Eric Schmidt of Google rolled in late and solicited opinions at the bar Tuesday night. He has perhaps the most at stake. Several people buttonholed Gordon Crawford of Capital Research, one of Yahoo’s largest shareholders and a recent critic of the company. Mario Gabelli, another conference regular, chatted people up in the hallway.
A barbecue dinner – after a hay ride on a horse-drawn carriage – featured a group of big-media heavies: members of the Murdoch family, Robert Iger of The Walt Disney Company and Sir Howard Stringer of Sony. The dinner topics included the Microsoft-Yahoo battle.
The early verdict? The emerging consensus is that Yahoo shareholders may be prepared to take even less than the $33 per share previously proposed by Microsoft, with some whispering that they might even accept as little as $31.50 per share. And the feeling is that Carl Icahn, the activist investor who wants Yahoo to sell itself to Microsoft, would be likely to accept at such prices.

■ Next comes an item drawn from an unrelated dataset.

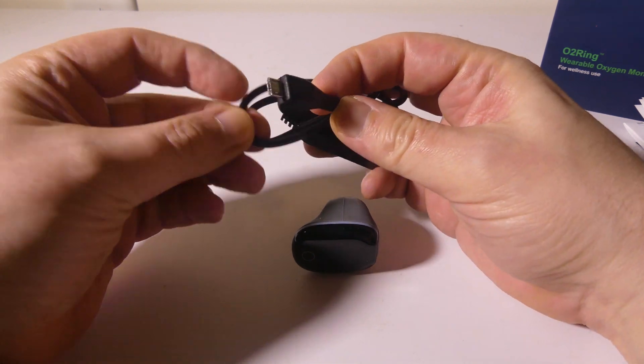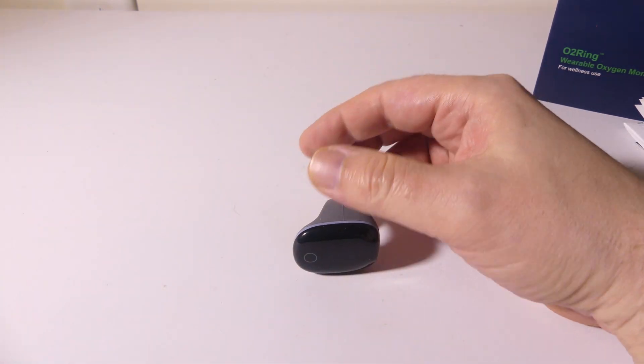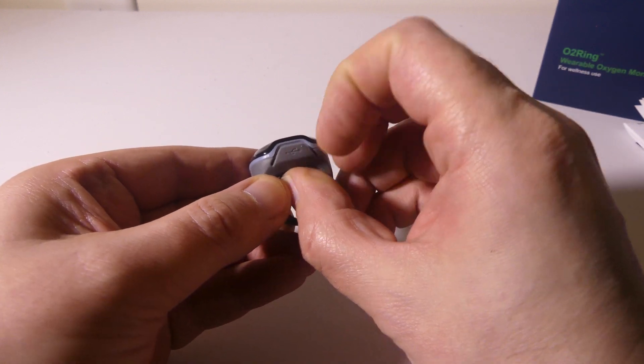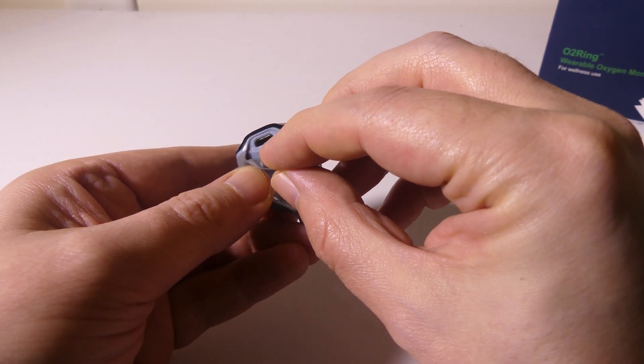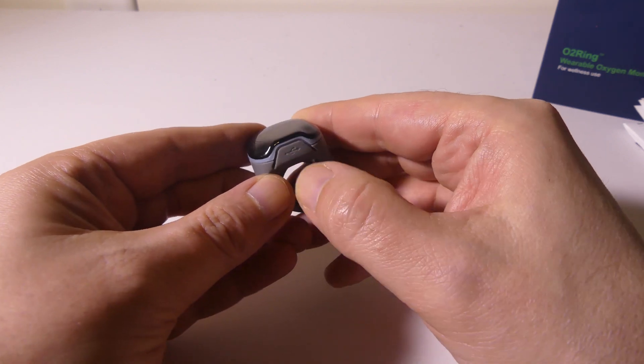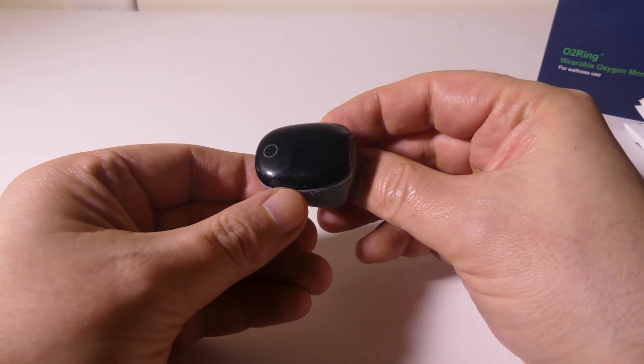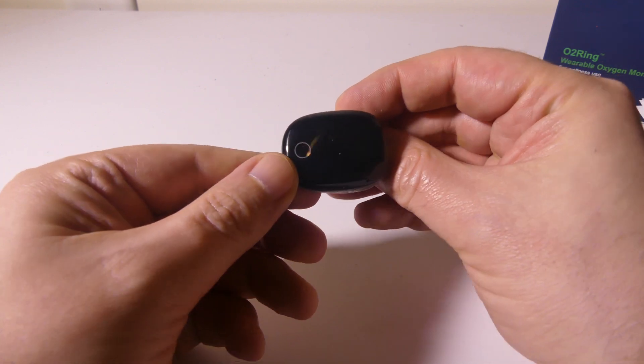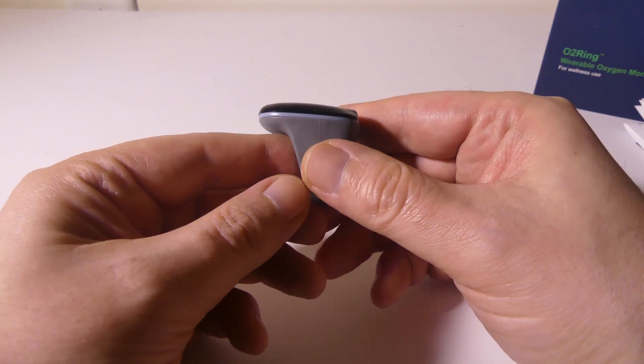It charges via micro USB — you get a USB to micro USB cable, and you can plug it into any PC USB port. Underneath a small flap is your micro USB port for the device. It's also IP24 rated for dust and water resistance, just in case you wanted to know.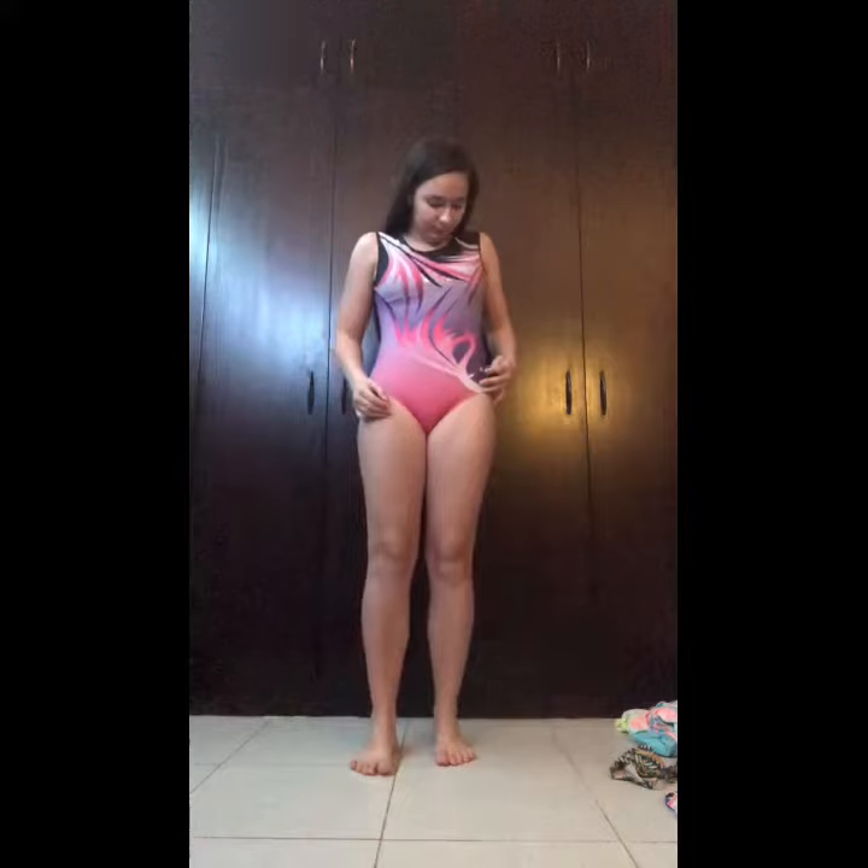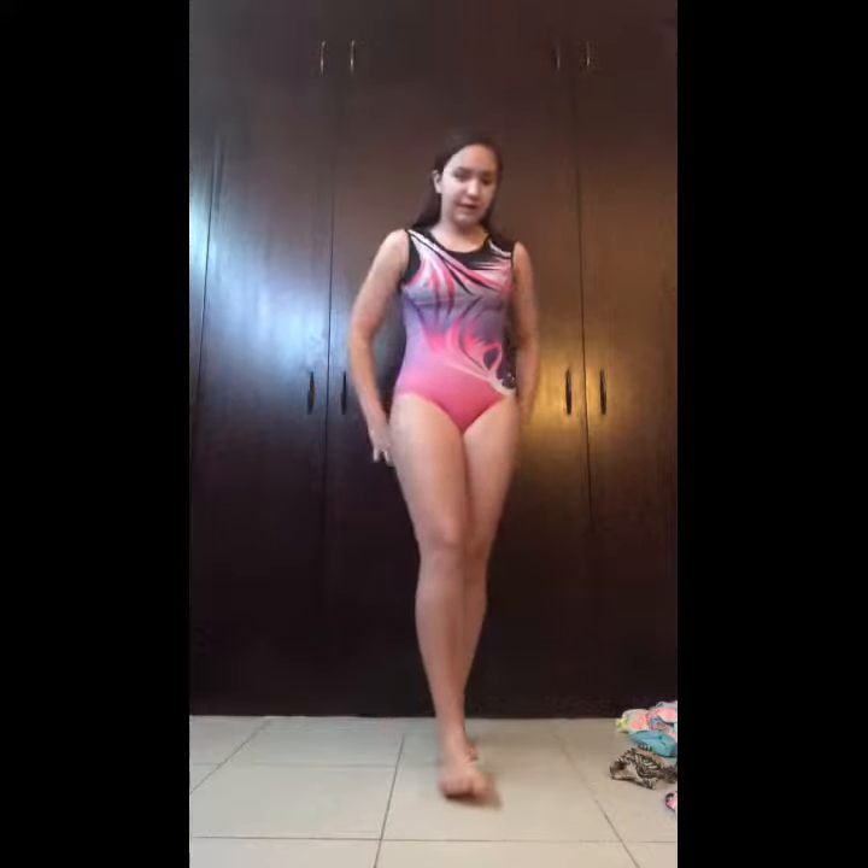The next leotard is a purple and pink leotard with sequins down the side. It's very comfortable. And this is what it looks like from the back.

“He just needs a number that starts with a three,” one mogul said of Mr. Icahn, who paid about $25 a share for his Yahoo stake.
It’s worth noting that Bill Miller of Legg Mason, another power broker in the feud over Yahoo, is also here in Sun Valley. He runs mutual funds that own more than 5 percent of Yahoo’s stock, making him a key constituent as Mr. Icahn tries to rally support for his attempt to oust Yahoo’s board.
Reuters asked Mr. Miller whether or not he would support Mr. Icahn, and his reply also came with a number attached — one that starts with a three, incidentally: “The difficulty with Icahn is he’d have more shareholder support if he would say he wouldn’t sell the company for less than $33.”
But there’s a catch: Everyone seems to agree that Mr. Icahn will have a hard time overthrowing Yahoo’s board without a firm commitment from Microsoft’s Steve Ballmer about the price he is willing to pay. “Steve is just toying with Jerry,” one participant said of Mr. Ballmer’s statement Monday suggesting he would be interested in negotiating a deal — either to buy the entire company or to buy its search business — with a new Icahn-backed board. “It’s a no-lose. He’s creating optionality for himself.”
The way a group of moguls see it, Mr. Ballmer may be “playing” Mr. Icahn. “Do you really think Microsoft will pay $33 if Carl wins the board? Of course not.”